Rule 14 states: En caso de traer alguna mascota, esta debe usar correa y deberás recoger sus heces fecales. Dogs brought into the park must be kept on a leash and their feces picked up by their owners.

My guess is that no more than half of the people who take their dogs to the park keep them on a leash. These are, by and large, the same people who make no attempt to clean up the paths, doubtless hoping that their animals do their business in the bushes, away from the walking paths, or, failing that, when their dogs do foul the paths, they, the owners will be far enough away to disown the deed.

The purpose of Rule 14, as I see it, is to achieve the following.

1. To keep the park as hygienically sound as possible (It does, after all, contain a children’s playground)

2. To prevent altercations between dogs and to give leashed dogs a fair chance when assailed by others

3. To ensure the safety of babies and small children

Rule 18, the final one, contains the following warning: Será consignada a las autoriadades correspondientes a la persona que no cumple esta reglamento. Anyone who does not follow these rules will be handed over to the appropriate authorities.

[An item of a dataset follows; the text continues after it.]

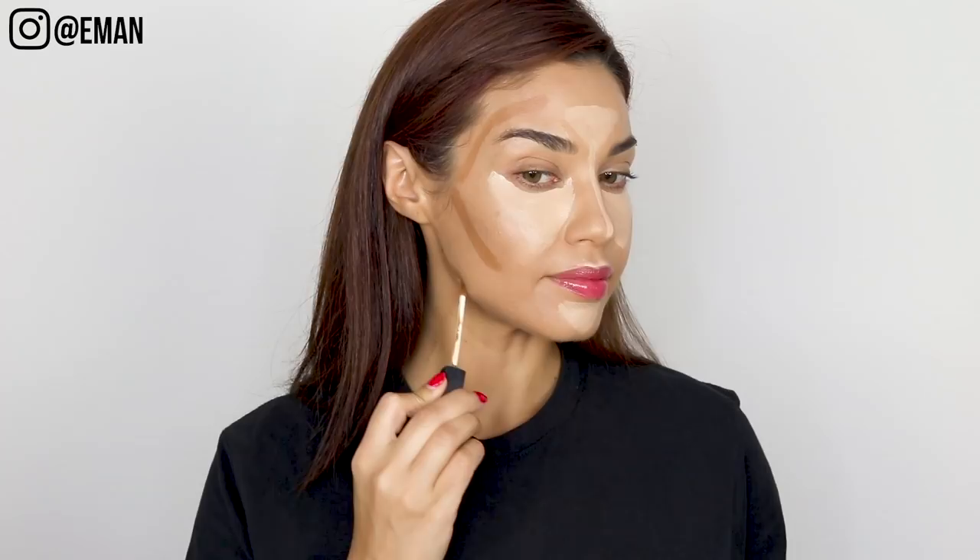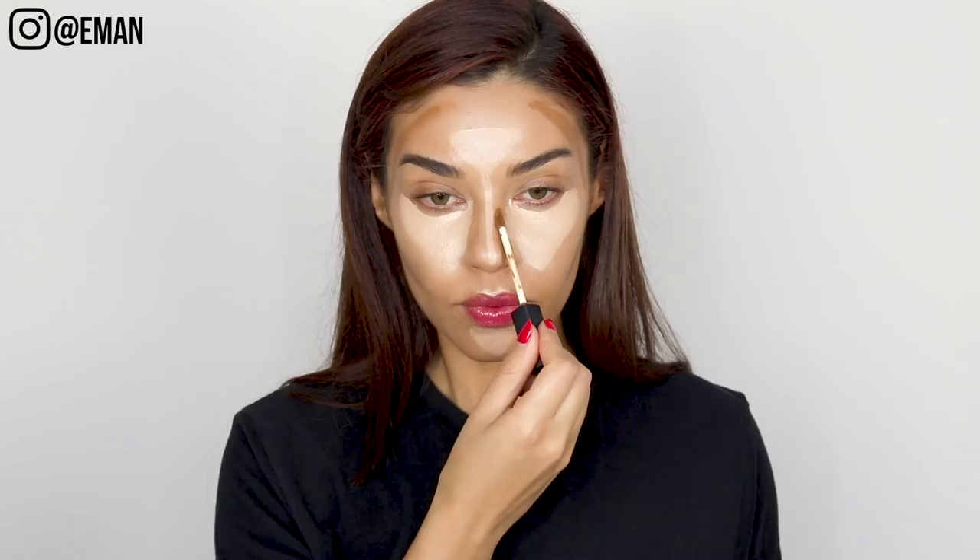Now it's time to contour. I'm using a cream contour because cream shows up a lot more than powder. I like using a slightly darker concealer — you can use a product specifically for contouring, but a concealer works fine. I'm using the color Amand, which is about three to four shades darker than my skin tone. You want a color that will definitely show up but isn't too dark. I apply it right in the hollows of the cheeks, the sides of the temples, the jawline, and I also contour my nose.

I am not suggesting that we become a police state. However, if Rule 18 were enforced, even once, I think people would very soon learn to comply. How to achieve this? I don’t know exactly. But, I do know that the park has a number of permanent employees doing routine maintenance.

At the bottom of the boards, appear the words: ATENTAMENTE LA ADMINISTRACION. Is this a phantom organization? If not, who are its members, and did they draft these Rules with any serious intent of enforcement, or simply as a hollow admonition? Isn’t it time that we, the public, demanded a little bite from this apparently toothless watchdog?